Dataset entries Start Marker

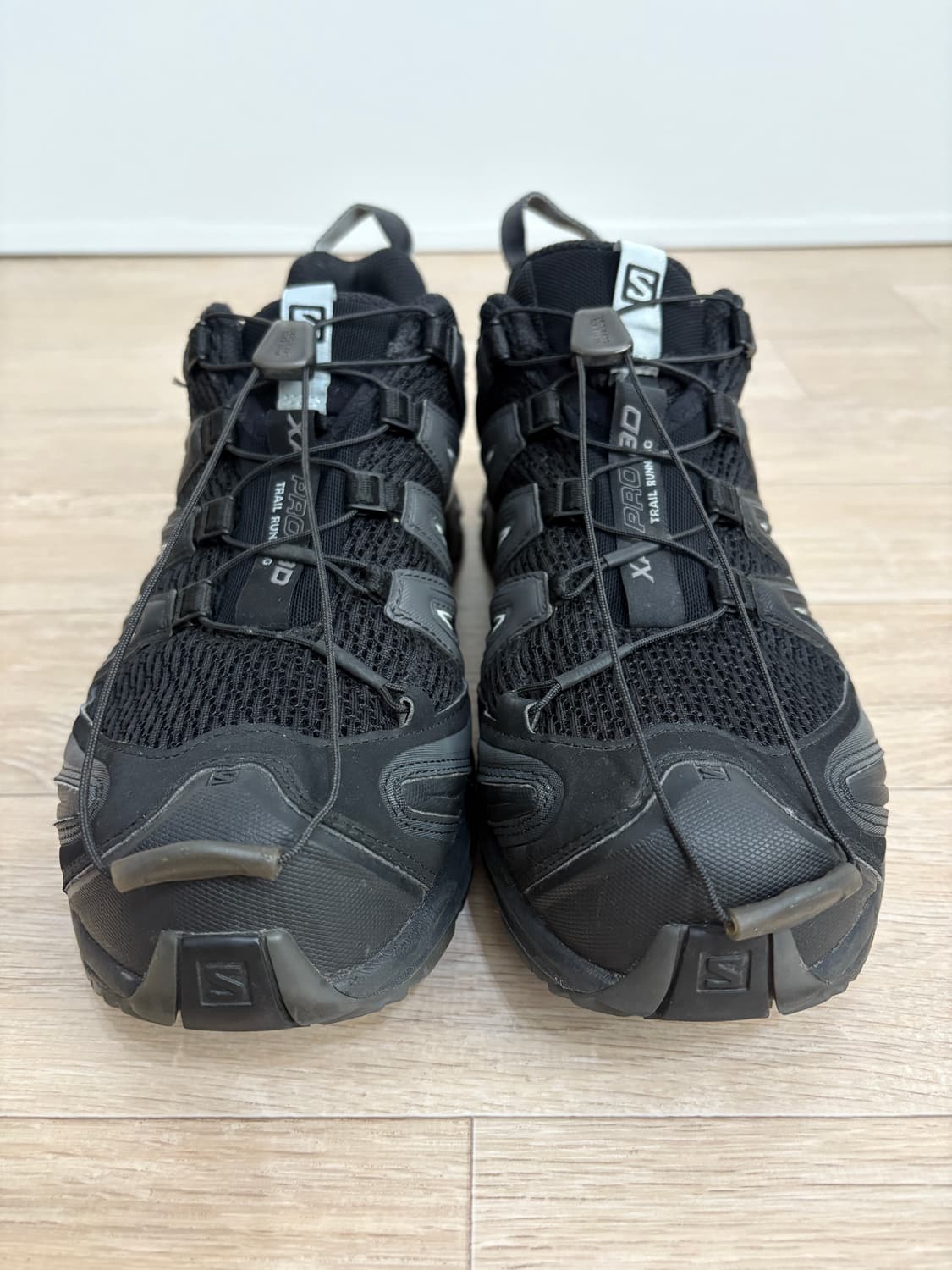 살로몬 salomon / XA PRO 3D(XA 프로 3D) / 275 상품이미지4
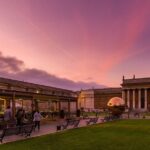 VIP Vatican Breakfast and Guided Tour with Sistine Chapel Access - Real Traveler Insights & Tips
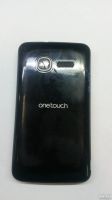 Лот: 13668193. Фото: 2. Alcatel one touch 4007d. Запчасти, оборудование
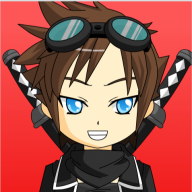 skKirito22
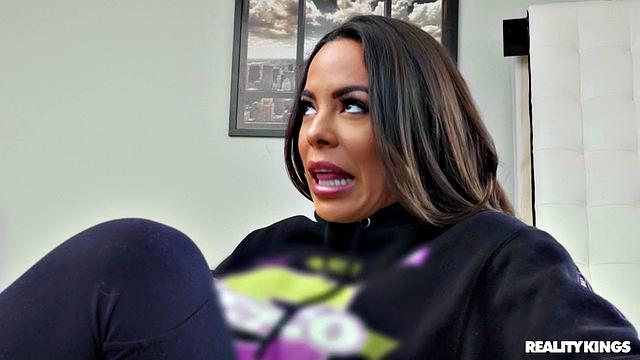 BFFs - Best Friends Forever!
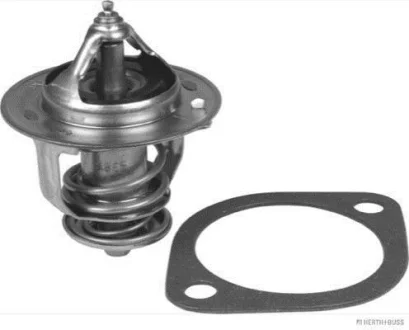 Термостат Hyundai Tucson 1 -19, Kia Sportage 2 -11 JAKOPARTS J1530520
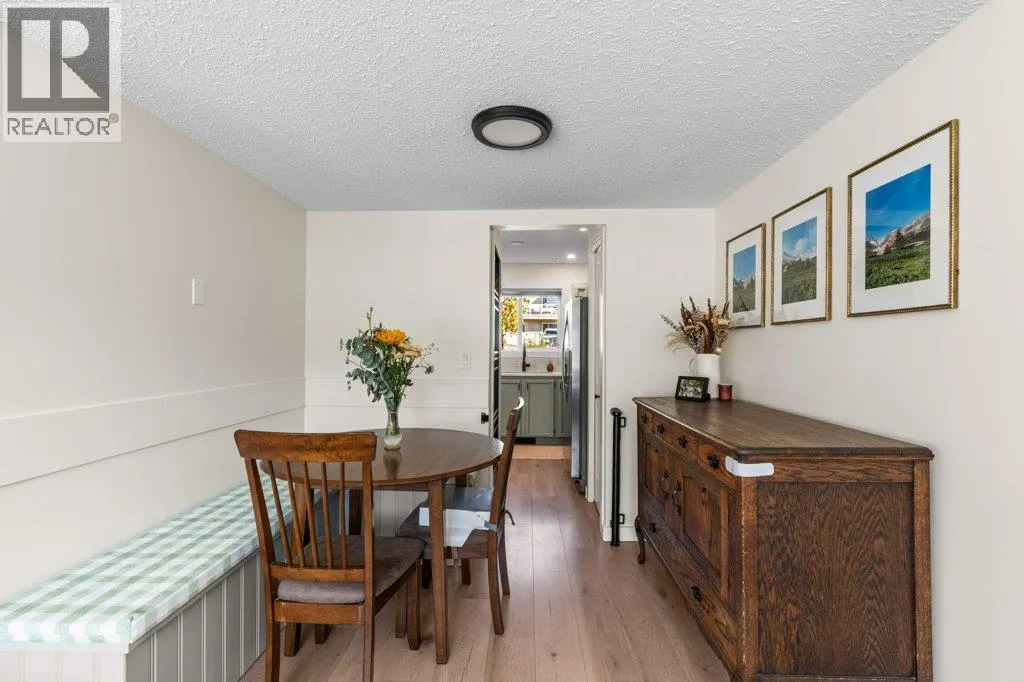 4200 Alexis Park Drive Unit# 17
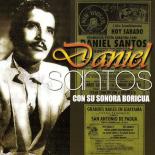 DANIEL_SANTOS_fania.audiosalad_1024x1024.jpg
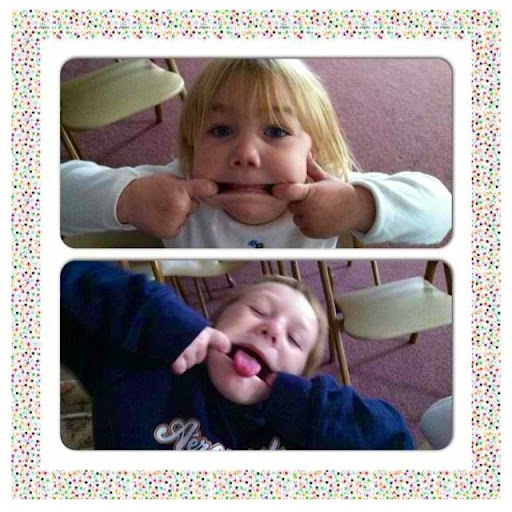 Tammy Roberts Photo 4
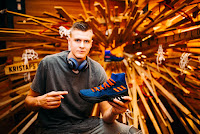  Kristaps Porzingis’ Crazy Explosive 17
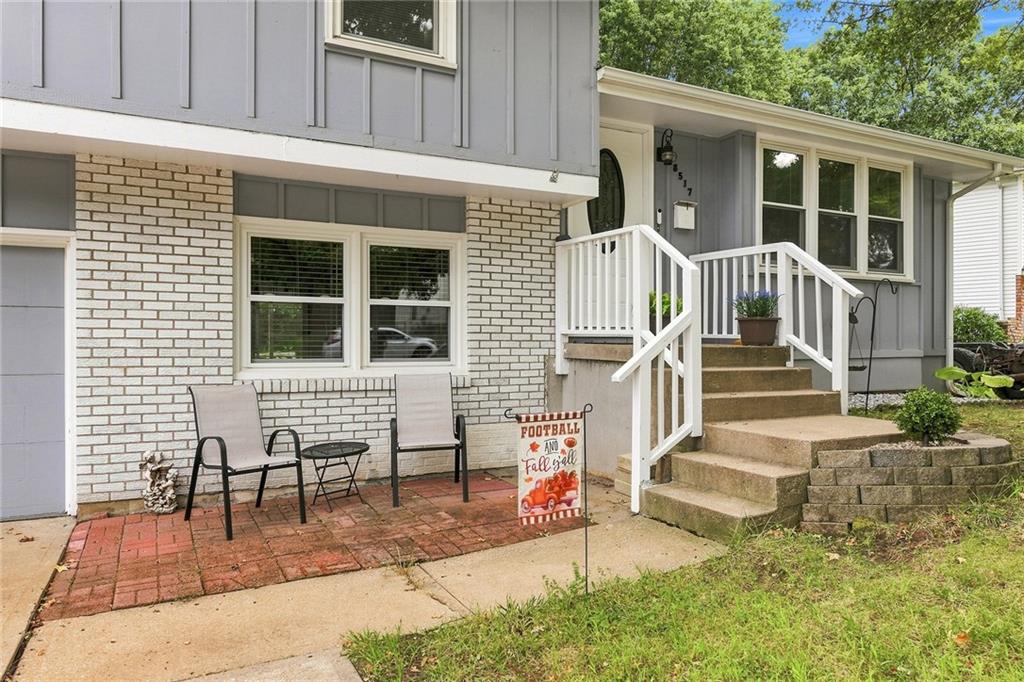 8517 Evanston Avenue Property Photo 4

Dataset entries End Marker

The records above are to be restated word for word, with every picture left out.

Written response
 살로몬 salomon / XA PRO 3D(XA 프로 3D) / 275 상품이미지4
 VIP Vatican Breakfast and Guided Tour with Sistine Chapel Access - Real Traveler Insights & Tips
 Лот: 13668193. Фото: 2. Alcatel one touch 4007d. Запчасти, оборудование
 skKirito22
 BFFs - Best Friends Forever!
 Термостат Hyundai Tucson 1 -19, Kia Sportage 2 -11 JAKOPARTS J1530520
 4200 Alexis Park Drive Unit# 17
 DANIEL_SANTOS_fania.audiosalad_1024x1024.jpg
 Tammy Roberts Photo 4
  Kristaps Porzingis’ Crazy Explosive 17
 8517 Evanston Avenue Property Photo 4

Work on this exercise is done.